### What to produce
Look below for the line with "Toyota Ractis 2012 Silver", then give it again exactly, along with every line that comes after it, the final line included.

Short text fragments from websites
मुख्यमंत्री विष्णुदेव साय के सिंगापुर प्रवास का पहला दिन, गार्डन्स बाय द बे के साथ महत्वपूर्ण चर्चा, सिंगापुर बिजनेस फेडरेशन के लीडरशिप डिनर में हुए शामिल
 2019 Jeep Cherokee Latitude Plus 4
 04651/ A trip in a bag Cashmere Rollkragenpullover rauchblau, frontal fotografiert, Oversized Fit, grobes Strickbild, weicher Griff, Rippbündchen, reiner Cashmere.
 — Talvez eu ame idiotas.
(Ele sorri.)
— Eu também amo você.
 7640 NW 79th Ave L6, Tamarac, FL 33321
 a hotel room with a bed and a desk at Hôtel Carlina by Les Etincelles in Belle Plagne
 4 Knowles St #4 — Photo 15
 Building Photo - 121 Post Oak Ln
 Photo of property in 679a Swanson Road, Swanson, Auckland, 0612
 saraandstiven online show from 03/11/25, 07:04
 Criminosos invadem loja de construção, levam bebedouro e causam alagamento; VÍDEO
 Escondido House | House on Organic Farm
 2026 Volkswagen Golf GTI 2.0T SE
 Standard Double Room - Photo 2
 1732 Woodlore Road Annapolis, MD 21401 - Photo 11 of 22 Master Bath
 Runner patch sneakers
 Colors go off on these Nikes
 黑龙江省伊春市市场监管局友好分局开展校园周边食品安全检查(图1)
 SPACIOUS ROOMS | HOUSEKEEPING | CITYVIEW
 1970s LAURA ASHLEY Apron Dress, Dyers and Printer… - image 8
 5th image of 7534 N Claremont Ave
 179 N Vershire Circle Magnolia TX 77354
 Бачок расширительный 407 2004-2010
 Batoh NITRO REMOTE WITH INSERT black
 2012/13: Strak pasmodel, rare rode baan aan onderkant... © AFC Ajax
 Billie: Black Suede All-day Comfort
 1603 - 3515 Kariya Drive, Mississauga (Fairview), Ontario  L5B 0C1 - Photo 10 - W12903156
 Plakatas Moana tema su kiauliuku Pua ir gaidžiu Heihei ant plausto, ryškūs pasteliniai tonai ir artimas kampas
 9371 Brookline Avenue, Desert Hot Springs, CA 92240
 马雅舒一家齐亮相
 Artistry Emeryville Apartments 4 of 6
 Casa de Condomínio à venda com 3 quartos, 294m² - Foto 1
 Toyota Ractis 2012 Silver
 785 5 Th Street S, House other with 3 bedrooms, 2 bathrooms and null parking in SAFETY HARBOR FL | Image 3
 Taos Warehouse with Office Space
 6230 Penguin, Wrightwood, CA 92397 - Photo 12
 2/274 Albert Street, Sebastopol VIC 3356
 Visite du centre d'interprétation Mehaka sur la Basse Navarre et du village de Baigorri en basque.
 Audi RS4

### Task answer
 Toyota Ractis 2012 Silver
 785 5 Th Street S, House other with 3 bedrooms, 2 bathrooms and null parking in SAFETY HARBOR FL | Image 3
 Taos Warehouse with Office Space
 6230 Penguin, Wrightwood, CA 92397 - Photo 12
 2/274 Albert Street, Sebastopol VIC 3356
 Visite du centre d'interprétation Mehaka sur la Basse Navarre et du village de Baigorri en basque.
 Audi RS4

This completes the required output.